▶ [TASK DESCRIPTION]: Only the lines below from the one that holds "Lunch Foldable Custom" through the one that holds "11 Inch Metallic Latex Balloons (Single Pc)" should appear in the answer, copied exactly, end lines included and pictures omitted.

▶ [PROVIDED DATA]:
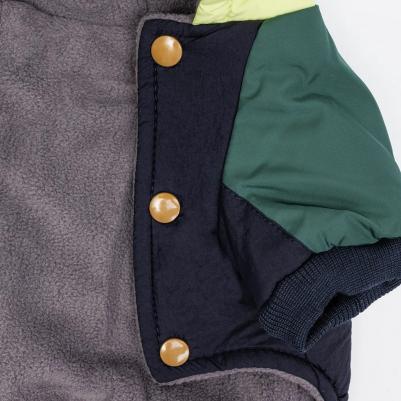 Комбинезон с капюшоном для собак, S, сине-зеленый – фото 3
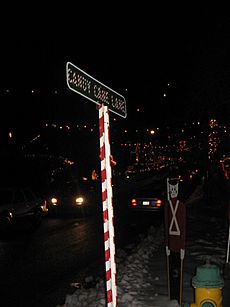 Candy Cane Lane sign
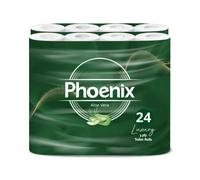 24 Rolls Aloe Vera 3 Ply Phoenix Quilted Toilet Tissue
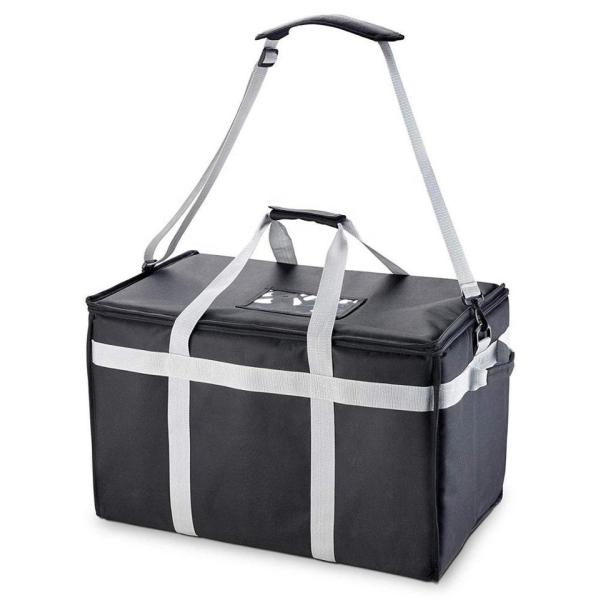 Lunch Foldable Custom Insulated Cooler Bag Heated Food Delivery Bag Thermal Aluminum Lining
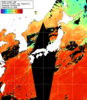 NOAA人工衛星画像:日本全域, 1日合成画像(2025/09/14UTC)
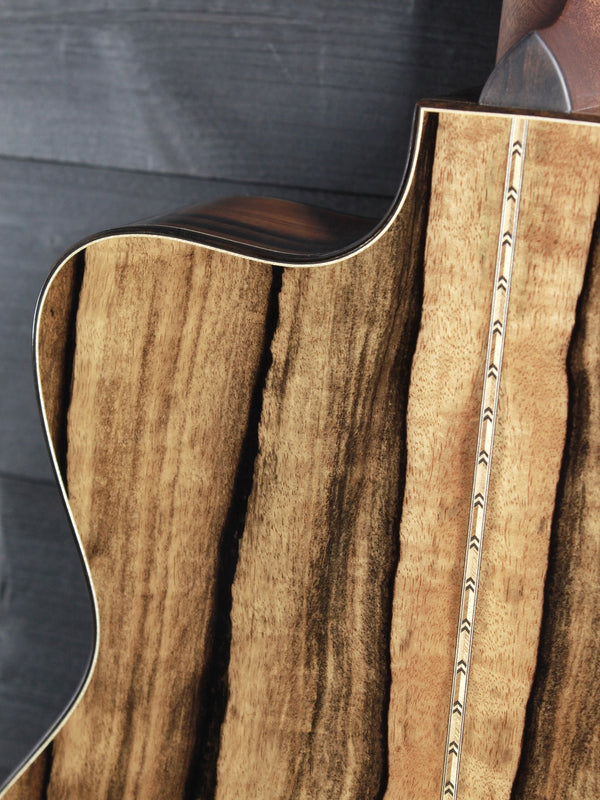 Bourgeois Touchstone Soloist OMC TS-LE Launch Edition acoustic guitar with Macassar Ebony back and sides with cutaway 
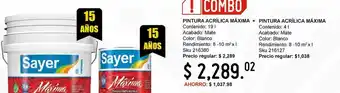 Sodimac Homecenter Pintura acrilica maxima base blanca 19l oferta
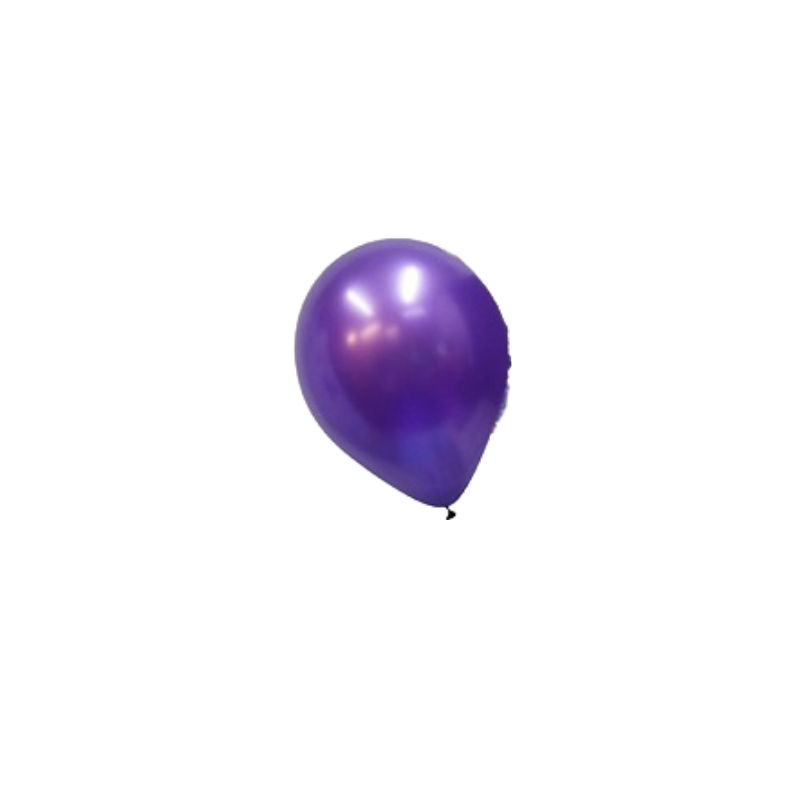 11 Inch Metallic Latex Balloons (Single Pc)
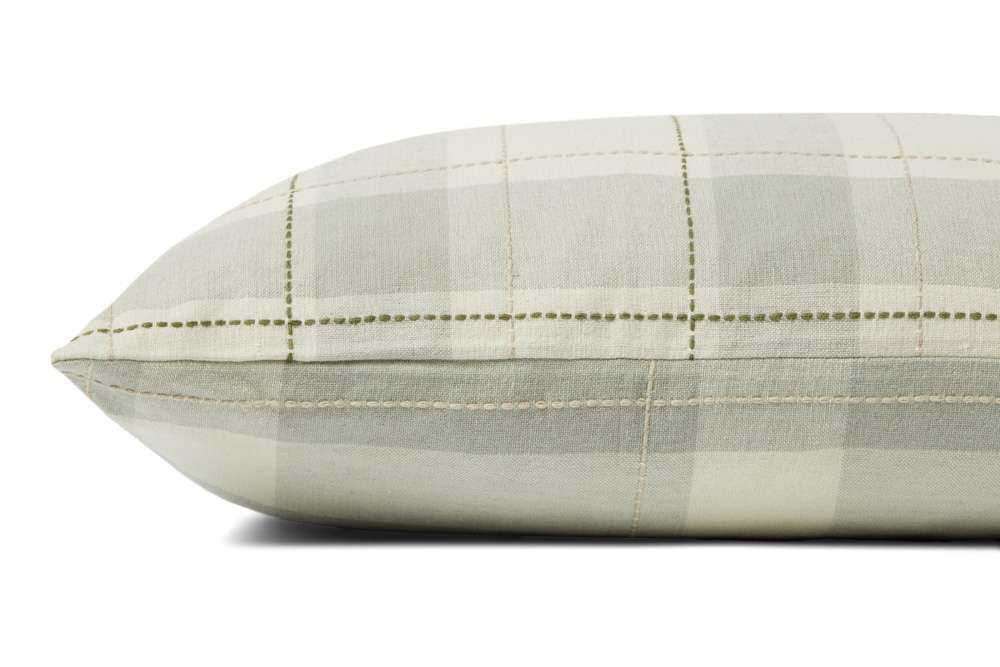 Chris Loves Julia x Loloi - Linus Sage / Multi 18 x 18 Pillow - P012PCJ0010SGMLPIL1 veiw 4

▶ [FINISHED EXERCISE]:
 Lunch Foldable Custom Insulated Cooler Bag Heated Food Delivery Bag Thermal Aluminum Lining
 NOAA人工衛星画像:日本全域, 1日合成画像(2025/09/14UTC)
 Bourgeois Touchstone Soloist OMC TS-LE Launch Edition acoustic guitar with Macassar Ebony back and sides with cutaway 
 Sodimac Homecenter Pintura acrilica maxima base blanca 19l oferta
 11 Inch Metallic Latex Balloons (Single Pc)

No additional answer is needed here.